■ **TASK STATEMENT**
Please set down each of the lines below once more, exactly, omitting all pictures.

■ **DATA SECTION**
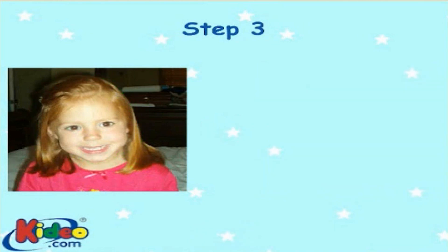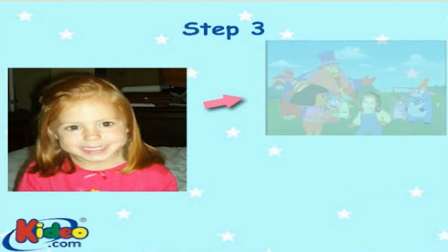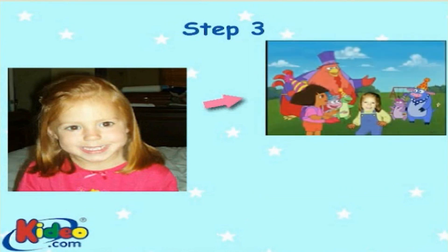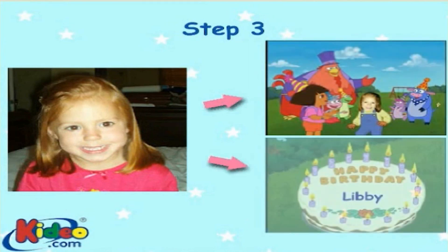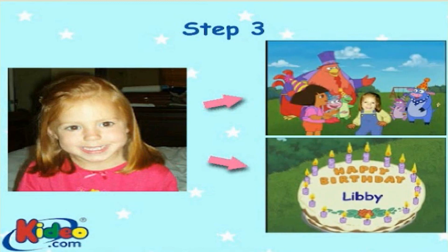The final step of the process uses our patented technology to insert the child's image onto an animated body and insert the child's name, which is pre-recorded by the popular TV characters Dora the Explorer, Arthur, or Barney. The following is a demo of the final product.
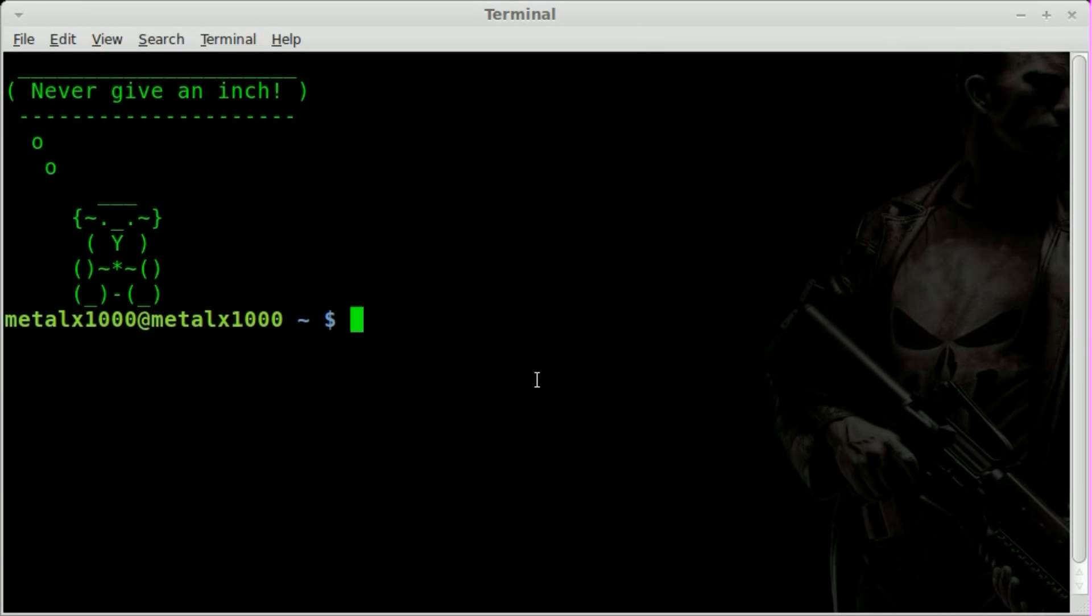Welcome. This is a Terminal Tuesday video, although it's Wednesday. I was very busy yesterday and didn't get the video out, so I'm posting it today. Today is going to be just a quick tip. It's going to be very fast.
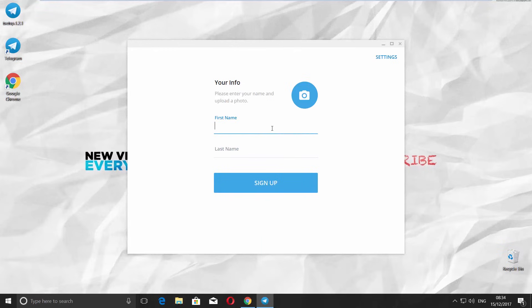If you don't have an account yet, Telegram will offer you to sign up. Enter your first and last names and click on Sign Up button. Enjoy!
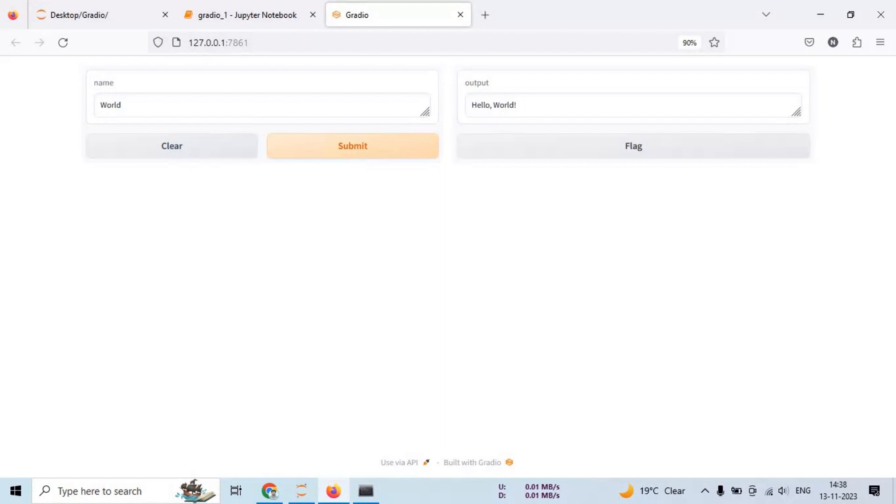So that's it for today. In this video, we learned how to install Gradio library and how to use it. In the next video, we will explore another topic with Gradio.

■ **SOLUTION TO THIS TASK**
The final step of the process uses our patented technology to insert the child's image onto an animated body and insert the child's name, which is pre-recorded by the popular TV characters Dora the Explorer, Arthur, or Barney. The following is a demo of the final product.
Welcome. This is a Terminal Tuesday video, although it's Wednesday. I was very busy yesterday and didn't get the video out, so I'm posting it today. Today is going to be just a quick tip. It's going to be very fast.
If you don't have an account yet, Telegram will offer you to sign up. Enter your first and last names and click on Sign Up button. Enjoy!
So that's it for today. In this video, we learned how to install Gradio library and how to use it. In the next video, we will explore another topic with Gradio.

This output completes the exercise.